Depuis le 1er octobre, Mirjana Spoljaric occupe les fonctions de présidente du Comité international de la Croix-Rouge. Une première. En 160 ans d’existence, le siège n’avait été occupé que par des hommes. La voici depuis 3 mois au service de l’institution.
Le 15ème président est donc une femme, cooptée pour un mandat de quatre ans (renouvelable deux fois). 15 présidents en 160 ans… Le ratio donne une durée moyenne de 11 années par présidence. Moyenne dans laquelle, le général Dufour, premier président et ses quelques mois de mandat tempèrent les quarante six ans de règne de Gustave Moynier, suivis des dix huit autres accomplies par son neveu par alliance, Gustave Ador (de 1864 à 1928).

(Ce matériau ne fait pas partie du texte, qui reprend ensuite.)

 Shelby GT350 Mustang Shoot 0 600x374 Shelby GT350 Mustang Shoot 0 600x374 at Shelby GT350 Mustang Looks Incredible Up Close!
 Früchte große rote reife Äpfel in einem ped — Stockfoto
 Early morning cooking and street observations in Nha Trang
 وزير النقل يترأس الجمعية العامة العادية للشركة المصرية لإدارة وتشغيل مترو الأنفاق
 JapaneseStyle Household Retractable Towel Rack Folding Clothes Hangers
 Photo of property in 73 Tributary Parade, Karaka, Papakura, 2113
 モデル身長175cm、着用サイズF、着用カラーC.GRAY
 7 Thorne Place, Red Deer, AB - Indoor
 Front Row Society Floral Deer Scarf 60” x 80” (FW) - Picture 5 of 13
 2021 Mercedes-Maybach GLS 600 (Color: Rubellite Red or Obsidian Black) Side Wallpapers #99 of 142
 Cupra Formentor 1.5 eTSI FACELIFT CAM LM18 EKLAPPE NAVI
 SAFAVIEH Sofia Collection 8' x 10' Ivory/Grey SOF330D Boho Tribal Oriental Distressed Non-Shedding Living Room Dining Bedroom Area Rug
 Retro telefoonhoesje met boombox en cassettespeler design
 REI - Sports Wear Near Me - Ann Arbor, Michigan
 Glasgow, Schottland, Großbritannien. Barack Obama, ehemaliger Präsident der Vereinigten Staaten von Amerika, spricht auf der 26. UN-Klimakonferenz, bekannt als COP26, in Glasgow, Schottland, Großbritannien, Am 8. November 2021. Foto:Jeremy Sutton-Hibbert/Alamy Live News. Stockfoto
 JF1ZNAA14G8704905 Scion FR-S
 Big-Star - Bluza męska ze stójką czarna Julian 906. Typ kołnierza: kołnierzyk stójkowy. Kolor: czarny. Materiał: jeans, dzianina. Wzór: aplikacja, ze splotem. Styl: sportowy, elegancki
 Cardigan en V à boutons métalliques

Présidente-diplomate humanitaire
Au-delà des aspects statutaires de la fonction au sein de la gouvernance, la présidente apparaît comme la première diplomate de l’institution, portant la voix des victimes des conflits mais aussi celle des Conventions de Genève et plus globalement du droit international humanitaire (DIH). La fonction est parfois le dernier recours, le plus haut échelon pouvant faciliter ou débloquer une situation opérationnelle dans laquelle d’autres efforts sont restés vains.
Un rang de cheffe d’Etat
De part le statut unique au monde du CICR (*), la présidente bénéficie d’un rang comparable à celui d’un chef d’Etat. Son influence peut permettre, par exemple, de faire aboutir des négociations pour entrer dans des prisons, de chercher l’appui de grande puissance pour convaincre un belligérant de mieux respecter l’espace humanitaire, tel que défini dans les Conventions de Genève. Pour mémoire, tous les Etats sont parties aux textes protégeant ceux qui ne se battent plus (combattants blessés ou capturés) et ceux qui ne se battent pas, les civils.
Intermédiaire neutre
Incarnant le rôle d’intermédiaire neutre du CICR, la présidente pourra, par exemple dans le cadre d’un conflit armé international, visiter au plus haut niveau les adversaires ; une façon de soutenir les opérations de protection et d’assistance sur le terrain conduites par le CICR. La mission sera de valoriser les obligations du droit international humanitaire auprès des belligérants mais également de tout autre Etat ou organisation pouvant avoir une influence sur le conflit.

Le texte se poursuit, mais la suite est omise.